Nowaja, Gaseta

Seit Tagen wird gerätselt, wo die Leiche des im Straflager ums Leben gekommenen Kremlkritikers Alexej Nawalny ist.

18.02.2024 - 11:17:40

Nowaja Gaseta: Nawalnys Leiche liegt in Salechard. Laut «Nowaja Gaseta» ist sie in einem Krankenhaus in Salechard.

Die Leiche des in Haft ums Leben gekommenen Kremlkritikers Alexej Nawalny wird einem Medienbericht zufolge im Bezirkskrankenhaus der Stadt Salechard im hohen Norden Sibiriens aufbewahrt. Eine Obduktion habe zumindest bis Samstag noch nicht stattgefunden, berichtete die kremlkritische «Nowaja Gaseta Europa» am Sonntag unter Berufung auf eigene Informanten. Zudem soll der Körper des Toten blaue Flecken aufweisen. 

Eine offizielle Bestätigung für diese Angaben gab es zunächst nicht. Die Angehörigen Nawalnys haben bisher keinen Zugang zum Leichnam des 47-Jährigen erhalten.

Salechard ist die Hauptstadt des Autonomen Kreises der Jamal-Nenzen. Das Straflager «Polarwolf», in dem Nawalny starb, liegt etwa 50 Kilometer Luftlinie nordwestlich davon - bereits jenseits des Polarkreises.

Der nach vielen Tagen in immer wieder angesetzter Einzelhaft körperlich geschwächte Nawalny war nach russischen Behördenangaben am Freitag bei einem Hofgang im Straflager bei eisigen Temperaturen zusammengebrochen.
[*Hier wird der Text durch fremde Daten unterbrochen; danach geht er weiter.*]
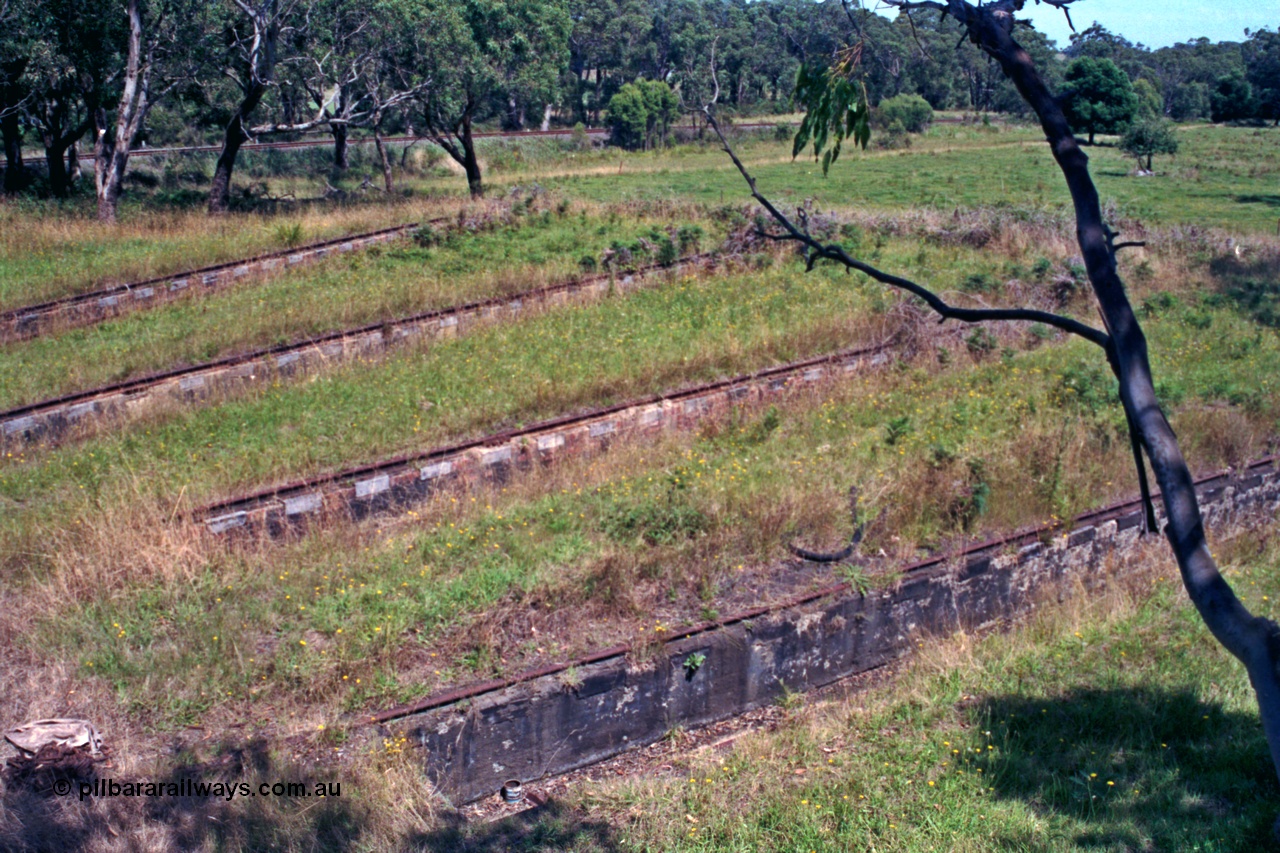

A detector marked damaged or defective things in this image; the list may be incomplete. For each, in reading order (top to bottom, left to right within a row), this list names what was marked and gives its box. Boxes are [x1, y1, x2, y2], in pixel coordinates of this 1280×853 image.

Wiederbelebungsversuche waren nach Angaben des Strafvollzugs erfolglos.

Woher rühren die blauen Flecken?

Menschenrechtler werfen dem russischen Machtapparat Mord vor. Auch die Mitarbeiter des prominenten Anti-Korruptionskämpfers gingen davon aus, dass Nawalny gezielt getötet wurde. 

Die Mutter Nawalnys hat bislang vergebens versucht, ihren toten Sohn abzuholen. Weder in der Strafkolonie noch in Salechard wurde ihr der Leichnam übergeben.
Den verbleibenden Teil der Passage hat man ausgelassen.